A point about language learning is that it is more difficult the older you get. It's a case of unlearning if you like, because what you know in your own language is basically hard-wired and you think using that hard wire. Another side is that there needs to be a structural form of learning, which is grammar and syntax. Grammar, Spanish grammar, appears more formal than English, but the main problem is that many British people have never really learned their own grammar, or rather they lack the wherewithal to explain their own grammar. This is not the case in other countries where grammar teaching is more central to education.

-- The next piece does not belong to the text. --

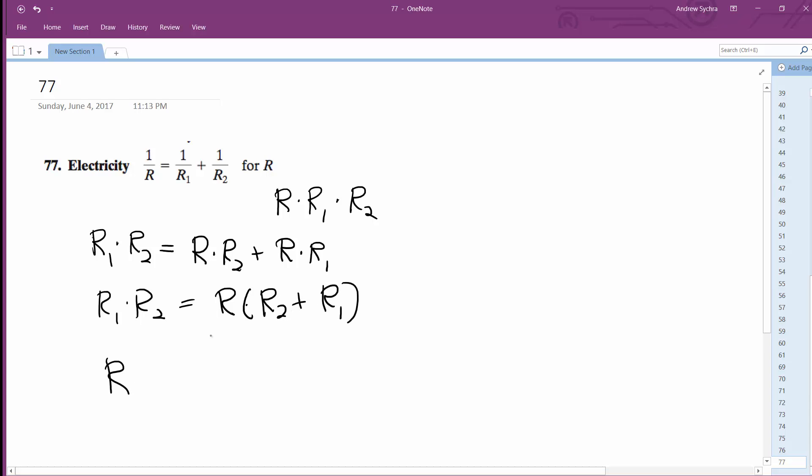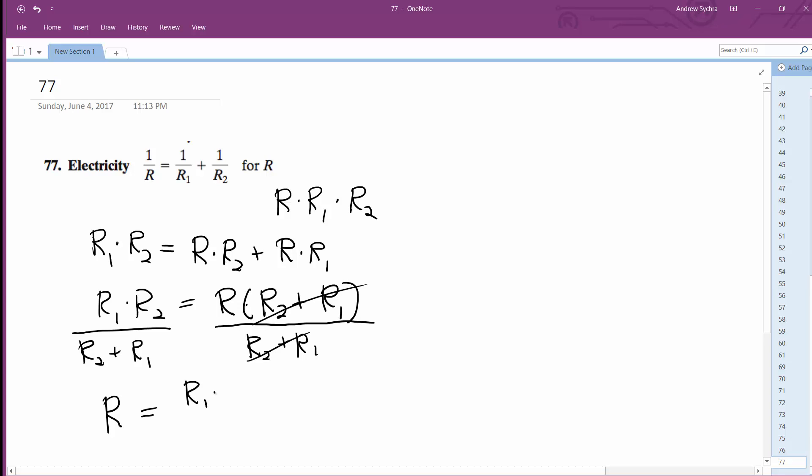So finally, you divide, I should divide, shouldn't I? I don't want complaints. So R2 plus R1 divided by R2 plus R1. So finally we're left with R is equal to R1 times R2 over R1 plus R2.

So then folks say, "oh no, I can't be doing with all this grammar". Seems boring. Personally I don't think so, but that's just me. Avoiding this structured approach, people pick up (they hope) tidbits of Spanish without necessarily knowing the structural roots. I think I've mentioned this before. Something like "¿cómo estás?". It's a basic form of greeting, but it needs some explanation to point out that "estás" is the familiar you form of one of the verbs "to be".
Anyway, maybe there is some help at hand. From "The Times" recently was an article about the use of mind mapping to learn a language. Without delving too deeply into the psychology of this, the basic idea is that one uses colours and pictures to create an association with words. There is a traffic-light system, green denoting the words that are the same or nearly the same as in English. In Spanish there are quite a lot. Words that end "ción" are often just like English - "información", for example. The pronunciation is different, but the word is basically the same. What's horrible in Spanish? "Horrible". Possible - "posible", just drops an "s". But both sound quite different.
Mind mapping was developed by a Brit called Tony Buzan. To be brutally honest, I am a bit sceptical. Like a nearish neighbour of mind mapping in terms of "new age" quasi-science psychology - neuro-linguistic programming - it has its doubters. Part of the reason for this though is that there are any number of charlatans running around claiming its benefits like the old time medicine shows. The writer in "The Times" reckons that, after eight weeks of her CD-based course, she was speaking Italian with a reasonable grasp. I can see how mind mapping would help with vocabulary, but I have only her word for saying that it also helped develop syntax and grammar. I don't know how that would work.
The thing is though that, after eight weeks of two one-hour per week personal Spanish lessons, I was speaking Spanish with a reasonable grasp. I didn't have to bother with colouring pens and drawing pictures. I knew how to use the main tenses, vocabulary was quite good, I could formulate sentences. Each to their own, but if the mind mapping seems a good one for you, then Collins publish the book and CDs under the name "Language Revolution" (Spanish version). At twenty quid, maybe worth giving it a go.
QUIZ
Yesterday - The Smiths. Today's title - last word's missing, it was The Jackson Five but the best version was by which beast of soul from the '70s?